東京外語大日本史2019年論述答案例

大問1問9
答案例
 1950年代、朝鮮戦争で交戦したアメリカと中華人民共和国は休戦後も対立が続いた。サンフランシスコ平和条約によって独立を果たした日本の吉田茂内閣は台湾国交を樹立する一方、中国とは国交が断絶した状態となった。1960年代に中ソ対立が表面化すると、ベトナム戦争で苦戦・疲弊していたアメリカは中ソ対立を背景に、米中関係を改善することで、中国を通じて北ベトナムとの和平を狙うとともに、ソ連との対抗に中国を利用しようとし、中国も米中関係改善により、ソ連に対抗しようとした。

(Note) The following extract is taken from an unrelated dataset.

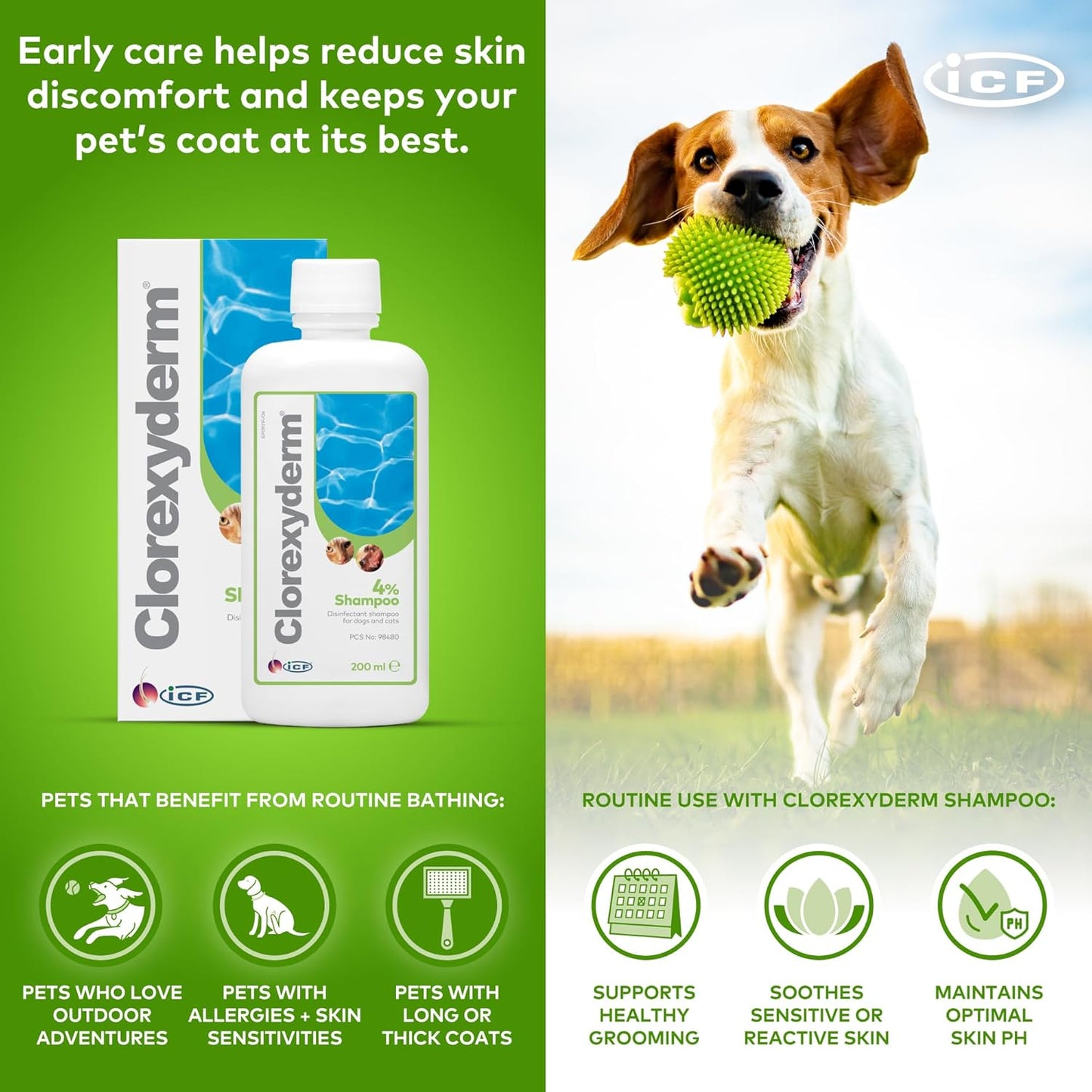 ICF | Clorexyderm 4% Dog Shampoo for Itchy Skin Relief | Anti Itch + Antifungal + Antibacterial Shampoo for Pets with Sensitive Skin 200ml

1970年代、ニクソン米大統領による中国訪問が実現し、その後、米中の国交正常化が実現して米中関係は改善した。日本の田中角栄内閣はニクソン訪中発表を背景に、1972年に日中共同声明を発表して、国交正常化を実現し、その後、福田赳夫内閣が日中平和友好条約を結び、日中関係は改善した。一方、日中共同声明発表時に台湾との国交は断絶したものの、民間レベルでの関係は継続した。(400字)

太字は指定語句。
 推移型なので、時期区分が重要。1950年代・60年代・70年代の3つに時期区分をすることが重要。日中関係だけではなく、米中関係について、どこまで記述ができるかが焦点となる。


大問2問7
答案例
 プチャーチンは開国と国境の画定を目的として、長崎に来航した。クリミア戦争の影響で一度帰国した後、下田に再来航し、交渉を行った。その後、安政の大地震発生による交渉の中断を経て、日露和親条約締結に至った。(100字)

太字は指定語句。
難易度が高く、高得点は難しい。設問要求①で確実に点数を取りたい。設問要求②については、最低限、「一度帰国→再来航→条約締結」を書きたい。

解説
設問要求①…ロシア船が日本に来航した目的を説明する。
設問要求②…条約経緯に至る経過を説明する。
条件①…当時の世界情勢を踏まえる
条件②…問2の解答(プチャーチン)・長崎・安政の大地震の3つの語句をすべて使用し、下線を引く。
条件③…100字以内で書く。

①…設問要求が2つある。それぞれの要求に答えた文章を作り、100字にまとめればよい。
設問の問いの型は設問要求①が「内容」説明、設問要求②が経過説明である。

②…設問要求①については、教科書の記述をそのまま参照すればよい。ここで指定語句のプチャーチンと長崎を使えばよいことも分かる。
⇒「プチャーチンは開国と国境の画定を目的として、長崎に来航した。」

③…設問要求②が難しい。1つは安政の大地震という指定語句である。もう1つが「当時の世界情勢を踏まえる」という条件である。この2つは主要な教科書に記述はないため、受験生は困惑したと思われる。

ⅰ.過程
 山川『詳説日本史』には、日露和親条約はプチャーチンが再来航した上で、下田で条約締結に至った旨が記述されている 。つまり、「長崎に来航後→一度帰国→下田に再来航し、日露和親条約を締結」という文章を作りたい。

ⅱ.世界情勢
 プチャーチンは長崎に来航し、幕府に国書を渡した後、クリミア戦争 が勃発した情報を聞き、イギリス船との遭遇を恐れ、日本を離れた。よって、ここではプチャーチンが一度帰国した理由として、クリミア戦争に関する記述を加えればよい。
 世界史Aが各学校で必修であることから、出題したと想定されるが、クリミア戦争の日本に与えた影響まで学んでいる受験生は少ないと思われる。日本史の資料集などには記述があるものの、知識としては早慶レベルであり、外大志望者には難易度が高いと思われる。

ⅲ.安政の大地震
 1854年10月に下田に再来航したプチャーチンは下田で交渉を続けた。その最中の54年11月に安政の大地震(安政東海地震)が発生。プチャーチンの乗る旗艦ディアナ号は津波により、大破し、修理のため、移動の最中に沈没した 。この後、日露和親条約が締結されているため、安政の大地震は日露和親条約締結の前に配置すればよい。